For a heartbeat, he faltered. Then he smiled again, blood in his teeth. “You’ll never win, Cassandra. Blood remembers.”

The ground trembled. A new force surged from behind him, hidden reinforcements pouring through the river path. They crashed into the defenders’ flank, scattering them. Rowan shouted orders. Damian tried to rally the line. The city’s gates groaned under pressure.

Cassandra’s brother, the Reborn Heir, retreated toward his horse, signaling the next wave. “This city will burn before dawn,” he said. “And when it does, your child will wear my crest.”

Her breath caught. “Stay away from my son.”

He paused, helmet in hand, rain streaking down his scarred face. “Then surrender. Save him the fate you gave me.”

She lunged, but he mounted and rode off into the storm, his laughter lost in the clash of steel.

By night’s end, the capital held, but barely. Fires burned in the lower quarter. The wounded filled the square. Cassandra moved among them, her cloak torn and her arm bound, exhaustion grinding against her bones. She passed the nurse holding her child and touched the baby’s cheek with a trembling hand. The infant stirred, whimpering softly before falling quiet again.

Damian approached, his face streaked with soot. “We stopped them for now,” he said. “But he’ll return by morning. With siege engines.”

Cassandra nodded, her thoughts distant. “He means to erase everything. Not just me. The name. The bloodline.”

Rowan came limping over. “Then we erase him first.”

She looked out toward the smoldering horizon, where the enemy fires still burned. “No,” she said slowly. “Not yet. He wants me to play his game. We end this on our terms.”

Damian touched her shoulder. “You’re hurt.”

She met his eyes. “We all are. But this city stands because we bled for it. I won’t let it fall to ghosts.”

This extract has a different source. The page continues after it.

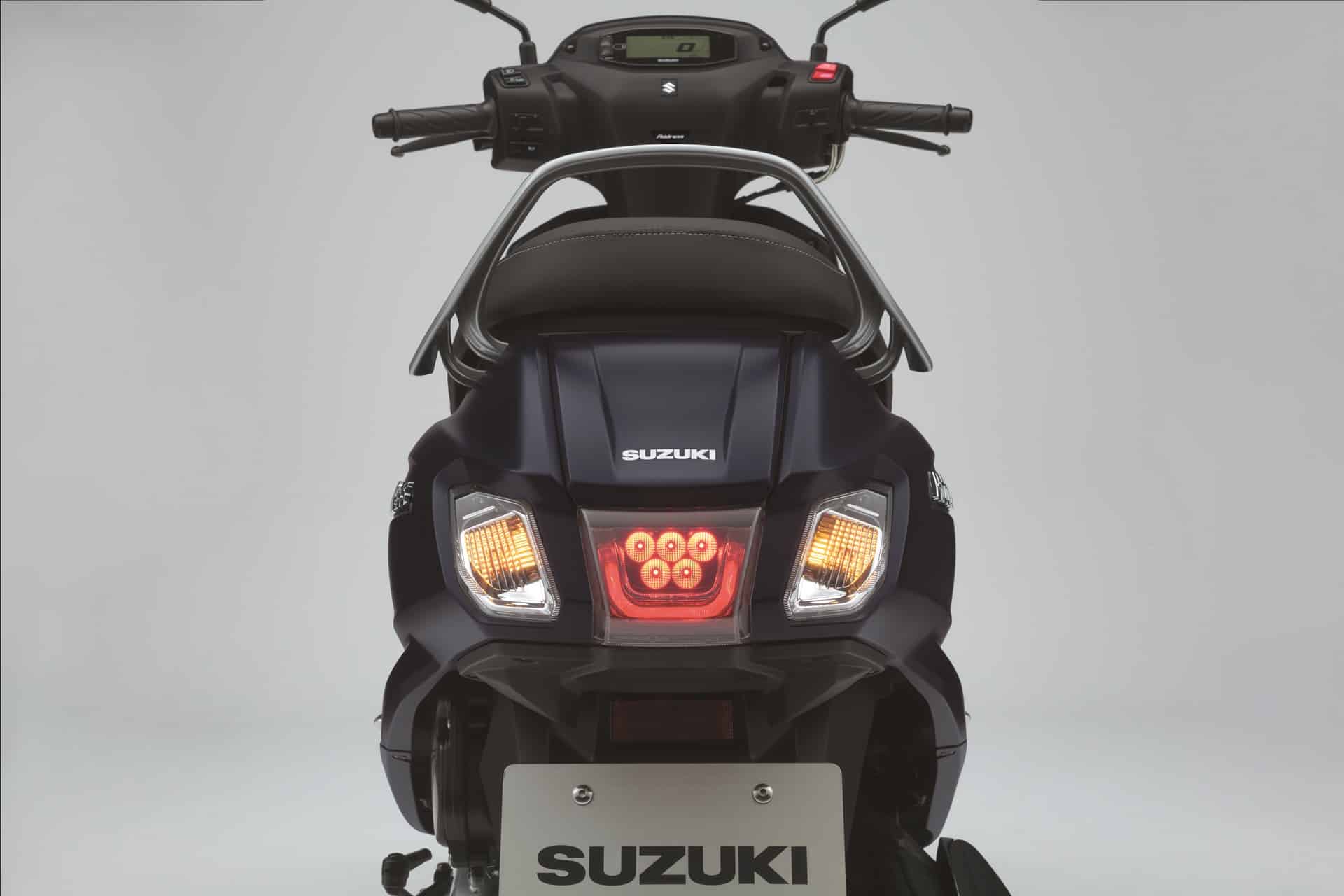 Suzuki refuerza en 2026 su Address 125 elevando su rendimiento, funcionalidad y atractivo visual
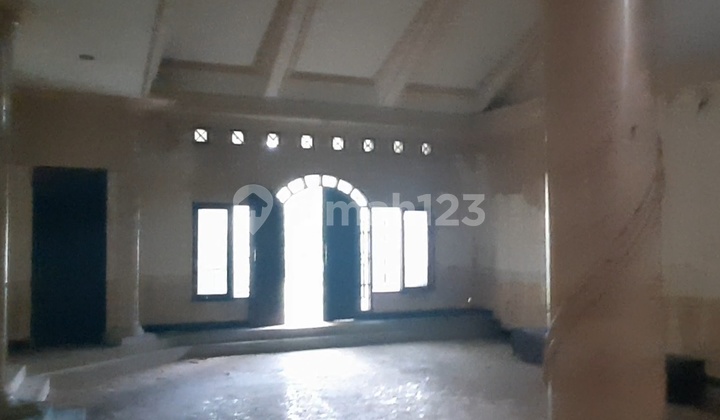 Rumah Butik Kantor Gudang di Jalan Mujair Dekat Pasar Dan Masjid 3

Thunder rumbled again, low and constant, like the heartbeat of war itself. Cassandra turned away from the flames and looked toward the walls. Beyond them lay her brother, her past, and the final reckoning of her name.

The wind shifted, carrying faint voices from the plains, chants that rose and fell like prayer.

“Blood calls to blood.”

Her stomach twisted, but she stood straighter. “Let it,” she whispered. “I’m done answering.”

She walked back toward the council hall, her steps slow, deliberate, her child’s warmth steady against her heart. Above her, the storm gathered once more.

The night would not be kind. But neither would she.